Why this small café has a whole street up in arms

Sweet Tooth Café’s bid to serve alcohol until 1am has triggered fury, with council officers backing angry residents.
Sweet Tooth noise complaint

The Sweet Tooth Café on Upper Richmond Road may sound charming and cosy, but residents living above it say there’s more bite than sweetness.

After months of sleepless nights and escalating confrontations, they’re fighting back against the café’s application for a 1am alcohol licence.

The breaking point came when a resident politely asked a group of six men at the cafe, close to local favourites Tried and True café and The Arab Boy pub, to keep the noise down in the early hours. Their response was chilling, according to a submission in the documents published [pdf] by Wandsworth Council:

“We forced Michael [the previous tenant] out. We can force you out.”

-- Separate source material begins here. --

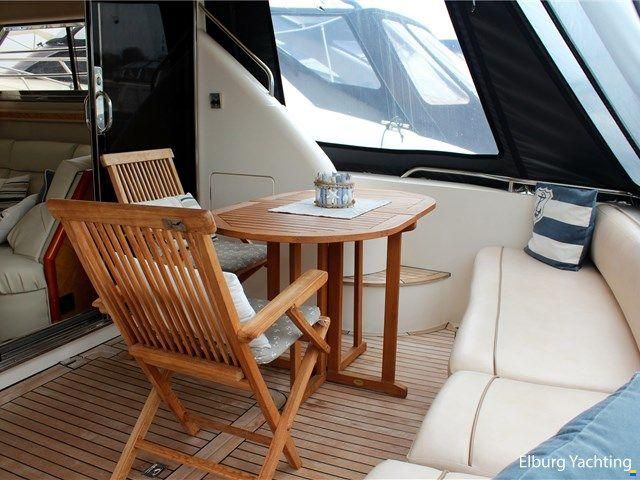 Princess 480 - Flybridge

But this time, the café owners may have picked the wrong fight. When council environmental officers investigated the complaints, they discovered the residents weren’t exaggerating.

Caught red-handed at 1am

Senior Environmental Services Officer Rob Newby-Walker was conducting a routine noise investigation at 1.04am on June 7th when he experienced the problem firsthand. He witnessed “conversation noise from the number of people gathered in the premises which was coming up through the property and was intrusive in the resident’s bedroom as to be a nuisance, where it was felt it would impact on sleep.”

The kicker? There were only about a dozen people downstairs, and their behaviour “was not particularly excessive for a licenced venue.” The building’s poor sound insulation meant even normal conversation became a nightmare for anyone trying to rest above.

A neighbourhood in revolt

What started as individual complaints has snowballed into a community uprising. More than 20 residents have formally objected to the cafe’s application to sell alcohol until 1am and serve late-night food until 1:30am on weekends.

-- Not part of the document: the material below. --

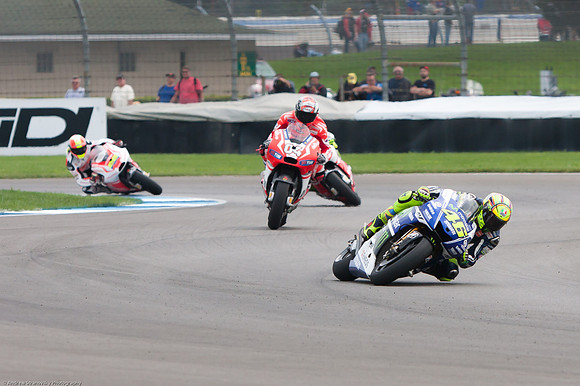 #46 Valentino Rossi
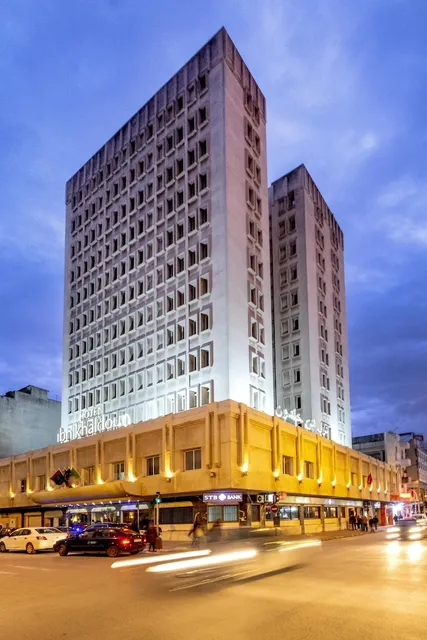 Ibn Khaldoun Hotel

The horror stories mount in the official complaints [pdf]. One resident described how “we close all the windows and the noise permeates through our house. The music reverberates through our pillows.” They explained how their child “repeatedly cannot sleep due to the shouting and loud music and fighting well into the morning. It’s impacting his attention at school and he is suffering mentally as a result.”

Another complained of being “kept awake and any chance of sleep made impossible,” saying the prospect of regular weekend disturbances is “already causing me much distress and anxiety.” One complained about being repeatedly disturbed in the early hours – even up to 4am.

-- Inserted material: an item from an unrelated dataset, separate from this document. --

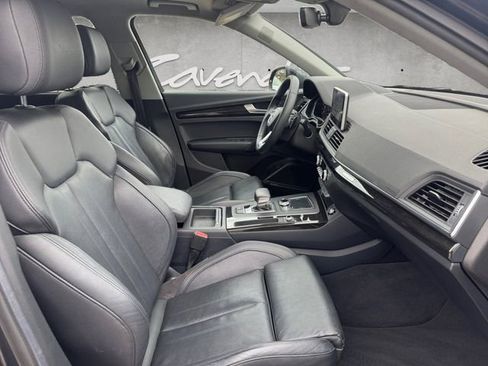 Used 2018 Audi Q5 2.0T Premium Plus w/ Premium Plus Package image 24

Many live in Ormonde Court, directly opposite the cafe, where “noise echoes through the courtyard of our block of flats,” forcing residents to keep windows closed even in summer heat.

Council’s brutal assessment

Environmental services hasn’t minced words. Officer Rob Newby-Walker concluded that “it would be inappropriate to grant the premises a licence as applied for here, beyond those times previously operated, unless improvements to the existing sound insulation can be made.”

His recommendation? Slash hours to “alcohol sales ceasing at 22.00 hours daily and the premises closing at 23.00 hours daily, with no provision of late night refreshment.”

The reason is stark: “the sound levels naturally produced by even a relatively small group of people drinking and socialising will cause a nuisance to the resident above due to poor levels of sound insulation between the properties.”

The success story next door

Meanwhile, just across Putney, another alcohol licence application is sailing toward approval – proving it can be done right.

Sadaf Express wants to breathe life into a unit that’s been empty for years at 7 Lower Richmond Road – on the same corner as Tequila Mockingbird and Putney Pies. This is “a new business” in premises that have “never held a premises licence,” seeking the same weekend 1am hours that Sweet Tooth is demanding.

The difference? When police raised concerns about the operating schedule not properly addressing “the prevention of crime and disorder licensing objectives,” applicant Naeem Sadegi quickly agreed to comprehensive conditions including CCTV, incident logs, and bans on selling single cans or open containers.

When Trading Standards wanted age verification measures, he immediately accepted notices at sales points, staff training, and Challenge 25 policies. The result? Just two neighbour complaints versus Sweet Tooth’s avalanche of opposition.

Judgment Day

Tuesday evening’s council should prove interesting [pdf]. At 7pm in Wandsworth Town Hall, the Licensing Sub-Committee will decide whether business ambition trumps residential sanity.

For Sweet Tooth Café, the evidence is damning. When environmental health officers witness disturbances firsthand and residents report threats, you’re fighting the council’s four key objectives: preventing crime and disorder, ensuring public safety, preventing public nuisance, and protecting children.

One application shows how to address official concerns through cooperation. The other demonstrates how to unite a neighbourhood – and environmental services – against you. The meeting starts at 7pm, with a live webcast for anyone wanting to watch democracy in action.


Correction. 10am. Monday 7 July. We changed the main image on this story from the one below after a number of readers contacted us to complain that it was too aggressive. We felt the image was appropriately satirical given the “Sweet Tooth” name but we take your point.